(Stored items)
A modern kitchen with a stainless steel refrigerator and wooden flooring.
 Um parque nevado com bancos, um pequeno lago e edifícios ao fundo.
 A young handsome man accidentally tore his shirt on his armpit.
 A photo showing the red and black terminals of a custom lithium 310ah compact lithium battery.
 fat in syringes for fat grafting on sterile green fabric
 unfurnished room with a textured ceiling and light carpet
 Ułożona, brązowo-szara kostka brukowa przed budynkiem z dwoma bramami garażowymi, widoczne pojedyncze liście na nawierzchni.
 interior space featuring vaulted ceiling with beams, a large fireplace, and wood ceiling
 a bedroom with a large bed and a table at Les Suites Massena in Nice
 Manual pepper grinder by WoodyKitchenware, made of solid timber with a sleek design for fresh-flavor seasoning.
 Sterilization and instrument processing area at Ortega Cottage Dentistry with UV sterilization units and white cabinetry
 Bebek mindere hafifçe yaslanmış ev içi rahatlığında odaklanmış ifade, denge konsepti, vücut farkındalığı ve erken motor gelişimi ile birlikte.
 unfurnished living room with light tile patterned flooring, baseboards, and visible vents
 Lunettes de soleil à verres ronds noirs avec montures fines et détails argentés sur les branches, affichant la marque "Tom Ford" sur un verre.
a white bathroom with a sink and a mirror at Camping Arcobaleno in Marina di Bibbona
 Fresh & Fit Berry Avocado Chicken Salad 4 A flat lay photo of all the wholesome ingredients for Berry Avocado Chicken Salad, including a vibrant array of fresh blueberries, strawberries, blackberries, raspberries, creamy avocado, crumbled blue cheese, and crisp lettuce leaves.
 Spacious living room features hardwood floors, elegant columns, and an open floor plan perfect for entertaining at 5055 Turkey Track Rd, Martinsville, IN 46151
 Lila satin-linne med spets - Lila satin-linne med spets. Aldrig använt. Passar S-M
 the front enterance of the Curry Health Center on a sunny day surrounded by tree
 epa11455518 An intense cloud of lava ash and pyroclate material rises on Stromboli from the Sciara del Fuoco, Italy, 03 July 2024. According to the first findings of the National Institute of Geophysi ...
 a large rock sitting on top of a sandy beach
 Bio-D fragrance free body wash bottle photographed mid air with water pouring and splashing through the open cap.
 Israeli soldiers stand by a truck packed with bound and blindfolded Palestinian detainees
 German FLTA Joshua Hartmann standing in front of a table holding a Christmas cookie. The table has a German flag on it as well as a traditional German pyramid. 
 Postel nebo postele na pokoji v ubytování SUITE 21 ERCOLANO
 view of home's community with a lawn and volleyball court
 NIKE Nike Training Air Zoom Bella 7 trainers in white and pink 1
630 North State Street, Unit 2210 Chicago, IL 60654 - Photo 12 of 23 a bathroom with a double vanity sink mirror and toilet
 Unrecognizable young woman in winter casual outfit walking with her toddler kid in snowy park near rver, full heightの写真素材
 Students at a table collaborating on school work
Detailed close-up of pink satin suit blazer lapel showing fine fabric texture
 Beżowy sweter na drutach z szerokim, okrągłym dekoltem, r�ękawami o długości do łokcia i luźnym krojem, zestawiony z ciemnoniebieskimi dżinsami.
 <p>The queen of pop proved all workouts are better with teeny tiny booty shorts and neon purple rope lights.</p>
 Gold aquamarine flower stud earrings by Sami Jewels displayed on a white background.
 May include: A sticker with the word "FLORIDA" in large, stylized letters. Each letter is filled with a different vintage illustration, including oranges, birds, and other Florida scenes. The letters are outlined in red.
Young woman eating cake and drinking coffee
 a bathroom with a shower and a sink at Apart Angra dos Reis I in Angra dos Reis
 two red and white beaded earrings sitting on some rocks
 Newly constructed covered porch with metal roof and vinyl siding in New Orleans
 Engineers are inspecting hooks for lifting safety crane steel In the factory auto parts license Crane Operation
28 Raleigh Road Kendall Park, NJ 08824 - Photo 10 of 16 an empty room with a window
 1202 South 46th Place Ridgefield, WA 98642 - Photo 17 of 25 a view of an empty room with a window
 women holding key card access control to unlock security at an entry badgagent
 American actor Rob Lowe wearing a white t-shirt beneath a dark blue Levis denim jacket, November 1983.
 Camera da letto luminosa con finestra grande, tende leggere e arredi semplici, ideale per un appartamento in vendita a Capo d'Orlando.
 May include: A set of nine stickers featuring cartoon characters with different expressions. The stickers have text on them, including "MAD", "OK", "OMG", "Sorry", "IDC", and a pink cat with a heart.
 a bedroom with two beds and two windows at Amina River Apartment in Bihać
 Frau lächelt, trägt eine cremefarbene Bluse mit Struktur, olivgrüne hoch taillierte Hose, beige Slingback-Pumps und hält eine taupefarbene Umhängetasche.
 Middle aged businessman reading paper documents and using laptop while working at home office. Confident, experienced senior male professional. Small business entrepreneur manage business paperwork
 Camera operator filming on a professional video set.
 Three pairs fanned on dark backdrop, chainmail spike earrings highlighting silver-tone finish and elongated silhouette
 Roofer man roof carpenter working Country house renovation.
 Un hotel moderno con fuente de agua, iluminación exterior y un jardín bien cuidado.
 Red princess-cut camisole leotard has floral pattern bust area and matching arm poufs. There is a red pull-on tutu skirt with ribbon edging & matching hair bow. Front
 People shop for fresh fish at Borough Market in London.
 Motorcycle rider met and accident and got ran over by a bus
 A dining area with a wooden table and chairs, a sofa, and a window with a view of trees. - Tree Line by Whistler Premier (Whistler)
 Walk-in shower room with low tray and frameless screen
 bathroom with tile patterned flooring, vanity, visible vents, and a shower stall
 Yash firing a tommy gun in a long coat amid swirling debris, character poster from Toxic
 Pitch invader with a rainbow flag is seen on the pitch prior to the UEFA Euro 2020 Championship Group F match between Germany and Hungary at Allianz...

▸ **WHAT YOU WILL DO**
From the records above, return each line that includes "satin".

▸ **OUTPUT OF THE EXERCISE**
 Lila satin-linne med spets - Lila satin-linne med spets. Aldrig använt. Passar S-M
Detailed close-up of pink satin suit blazer lapel showing fine fabric texture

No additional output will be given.